Promenant son regard sur les épis dorés de son champ de blé, Yehya Mahmoud se réjouit de sa récolte abondante, cruciale pour une Syrie en guerre laminée par une crise économique et où le nombre des personnes souffrant de la faim atteint des sommets.

Quelque 9,3 millions de Syriens, soit plus de la moitié de la population, vivent dans l’insécurité alimentaire selon l’ONU. Et ce chiffre pourrait augmenter selon des ONG.

Les récoltes sont aussi attendues par les autorités, qui prônent l’autosuffisance au moment où de nouvelles sanctions américaines contre le pouvoir de Bachar al-Assad risquent d’accentuer la crise économique, marquée par une flambée des prix.

Dans son champ de la région de Kesswa, aux portes de Damas, la récolte de M. Mahmoud avance bien.

« Malgré les nombreuses difficultés pour obtenir des engrais et du carburant, j’ai pu accélérer la moisson », confie cet agriculteur de 61 ans.

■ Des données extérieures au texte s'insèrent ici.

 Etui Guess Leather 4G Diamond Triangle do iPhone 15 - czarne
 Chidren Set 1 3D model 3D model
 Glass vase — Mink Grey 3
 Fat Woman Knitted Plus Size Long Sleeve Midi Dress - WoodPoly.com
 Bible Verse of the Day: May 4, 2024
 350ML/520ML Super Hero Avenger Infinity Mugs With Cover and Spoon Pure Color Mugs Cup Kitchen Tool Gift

Comme beaucoup de paysans, il s’est mis au travail à l’approche des chaleurs estivales pour éviter la saison des incendies.

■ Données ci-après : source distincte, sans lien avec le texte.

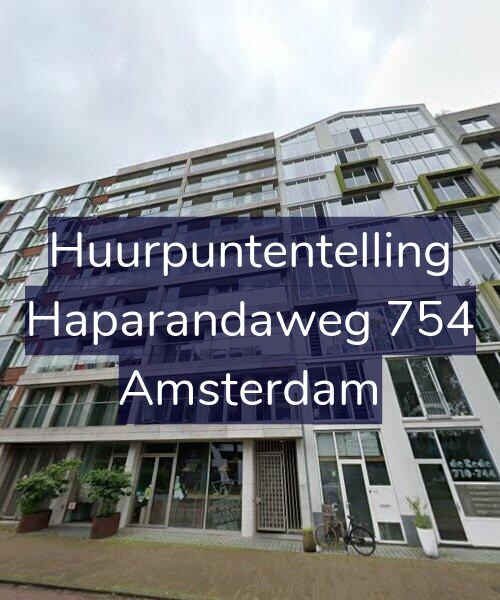Foto gevel Huurpuntentelling voor Haparandaweg 754, Amsterdam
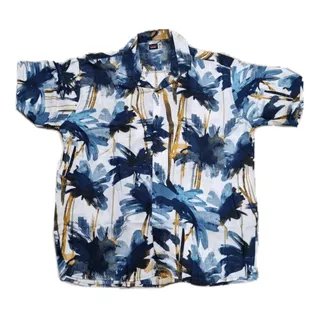 Camisa Hawaiana Hombre Tela Fibrana Talle 48-50-52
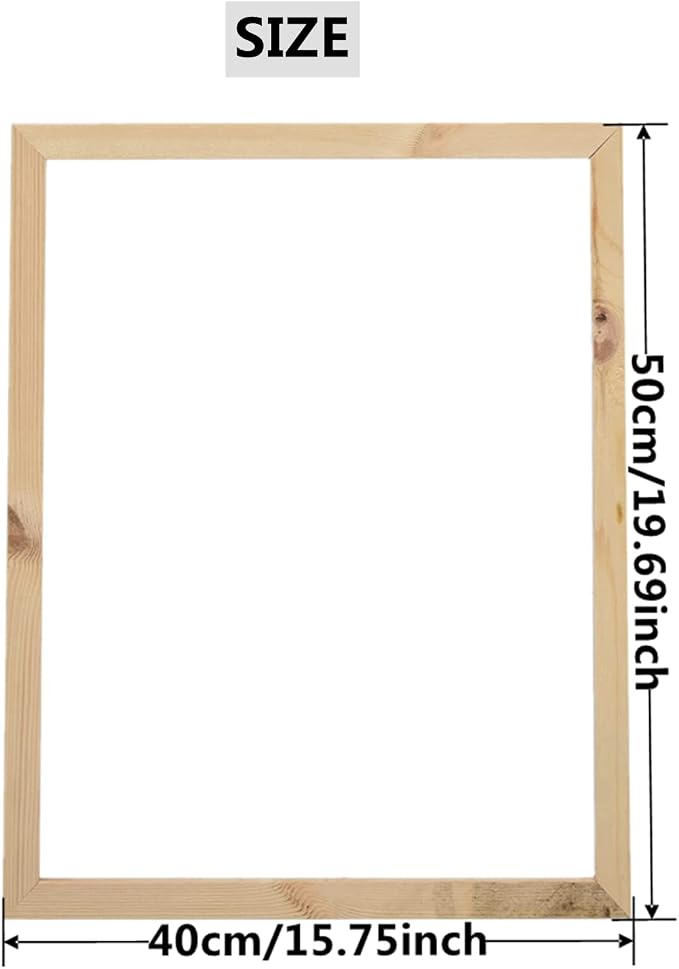 40X50 cm Wooden Frame DIY Picture Frames Art Suitable for Home Decor Painting Digital Diamond Drawing Paintings, Display Pictures 16x20 picture frames for wall (40 * 50CM)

« Ceux qui cultivent du blé évitent la faim », résume-t-il, chapeau sur le crâne pour se protéger du soleil.

Depuis 2019, grâce à de fortes pluies et une baisse des combats, le niveau des récoltes remonte en Syrie, sans atteindre toutefois les sommets d’avant-guerre –plus de 4,1 millions de tonnes de blé, de quoi répondre à la demande de la population.

La production s’est effondrée avec le conflit meurtrier et dévastateur déclenché en 2011, accentuant la dépendance de la Syrie aux importations, principalement de la Russie, grand allié du régime.

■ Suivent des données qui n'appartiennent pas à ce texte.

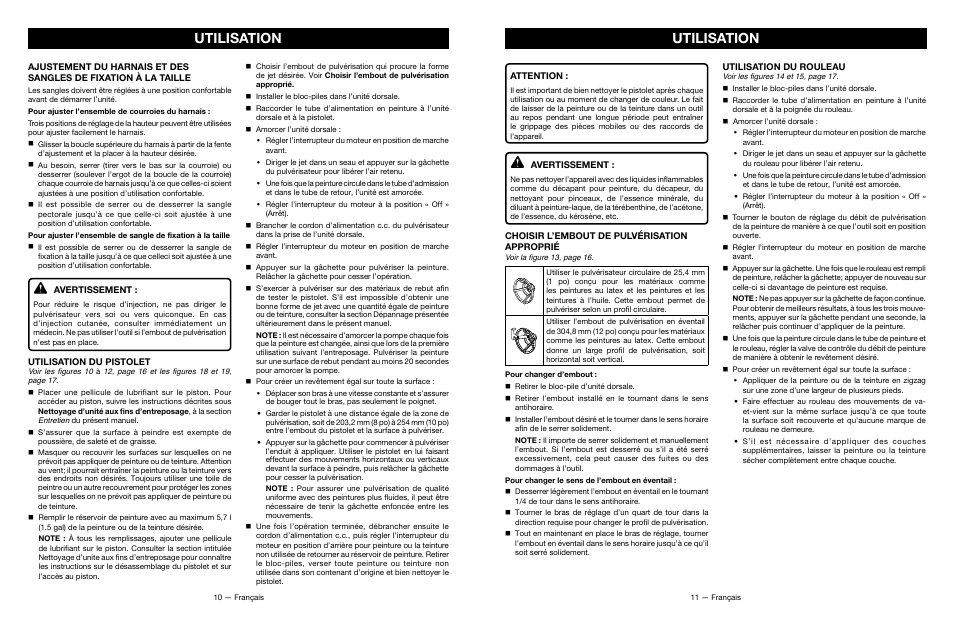 Utilisation | Ryobi P635 User Manual | Page 13 / 26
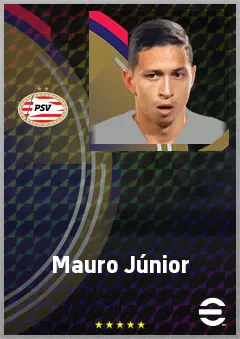 Mauro Júnior eFootball 2026 player card, 75 OVR LB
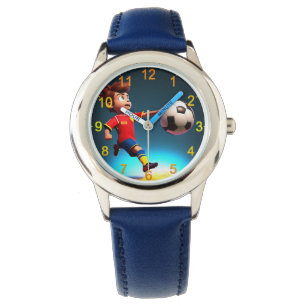 "Målbindning: Animeradens pojkes Perfekt Kick" Armbandsur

Selon des statistiques du gouvernement, trois millions de tonnes de blé ont été récoltées cette année, contre 2,2 millions l’année précédente.

« Il n’y a pas un seul paysan qui ne plante pas de blé sur ses terres: c’est une manière de couvrir les besoins de sa famille et de ses voisins pendant une année entière », assure M. Mahmoud.

« Grâce à Dieu, ce fût une année bénie, avec des pluies abondantes. »

Inspectant les champs de Kesswa, Hicham al-Sayyad, un responsable agricole local, confirme une saison prospère.

Cette année, les agriculteurs de la région ont cultivé mille hectares de plus que l’année précédente, explique-t-il.

Un accomplissement « malgré les difficultés liées à l’obtention de mazout ou d’outils agricoles et d’irrigation », souligne-t-il.

« Malgré les sanctions et le blocus économique, l’agriculture peut nous aider à atteindre l’autosuffisance », espère-t-il.

Mais les défis abondent. Car l’agriculture est touchée par l’hyperinflation qui a augmenté les coûts de production, notamment pour l’achat de semences, de pesticides et de carburant.

Cette augmentation est en grande partie due à l’effondrement de la livre syrienne face au dollar, qui a fait exploser le coût des importations.

Les experts craignent que la crise économique ne s’amplifie avec la mise en place mi-juin de nouvelles sanctions américaines prévues par la « loi César » contre le régime et les entités collaborant avec Damas.

« De manière générale, les sanctions augmentent les coûts de production et elles alourdissent notre fardeau », explique Taleb Khalifa, agriculteur de 51 ans qui craint que les mesures de Washington n’entravent aussi l’importation de pièces détachées.

Sa moissonneuse-batteuse est la seule fonctionnelle à Kesswa et ses voisins l’utilisent aussi. Si elle tombait en panne, ce serait un véritable casse-tête.

En juin, le ministre des Affaires étrangères Walid Mouallem a estimé, non sans défiance, qu’il fallait voir en la loi César « une opportunité pour relancer l’économie nationale et atteindre l’autosuffisance ».

Un discours que reprend également le directeur de la planification agricole au sein du gouvernement, Haytham Haydar.

« Nous espérons retrouver les importants niveaux de production d’avant-guerre, qui étaient plus que suffisants », affirme-t-il à l’AFP.

Le responsable admet toutefois une « augmentation des coûts de production à cause du blocus économique », en allusion aux sanctions occidentales.

La Syrie est selon lui confrontée à une « guerre alimentaire ». Ses priorités sont claires: « Dépendre de nous-même pour la production et réduire autant que possible la dépendance aux importations ».